Corn and carrot velouté with Parmigiano Reggiano crisps with seeds

  • Difficoltà

    Low

  • Stagionatura

    24 months

  • Serves 4
  • 300g carrots
  • 120g corn flour
  • 800ml vegetable stock
  • 200g Parmigiano Reggiano, grated
  • 1 tablespoon poppy seeds
  • 30g butter
  • 2 springs of rosemary
  • salt and pepper

Peel the carrots and blend them coarsely.

Melt the butter in a pan, add the carrots and a pinch of salt; sautée them for a few minutes over high heat.  Add the stock and bring to a boil. 

Gradually pour the corn flour stirring with a whisk.

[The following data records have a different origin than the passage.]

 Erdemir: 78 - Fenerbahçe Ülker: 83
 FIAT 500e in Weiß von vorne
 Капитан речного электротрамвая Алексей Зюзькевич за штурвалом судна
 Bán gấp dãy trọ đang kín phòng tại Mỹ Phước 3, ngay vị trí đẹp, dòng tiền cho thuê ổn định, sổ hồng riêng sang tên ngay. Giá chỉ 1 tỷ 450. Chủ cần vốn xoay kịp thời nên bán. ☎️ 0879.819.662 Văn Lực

Lower the heat to the minimum and cook for 35-40 minutes.

Prepare the Parmigiano Reggiano crisps (putting aside 30g) by forming small rounds of cheese on a tin covered with baking paper. Sprinkle with some poppy seeds and put in the oven at 200°C for 3-4 minutes; take out of the oven and allow to cool down.

Flavour the cream with the Parmigiano Reggiano put aside, a pinch of pepper and fresh thyme leaves.

Serve with the Parmigiano Reggiano crisps and slices of grilled corn and fresh sprouts to taste.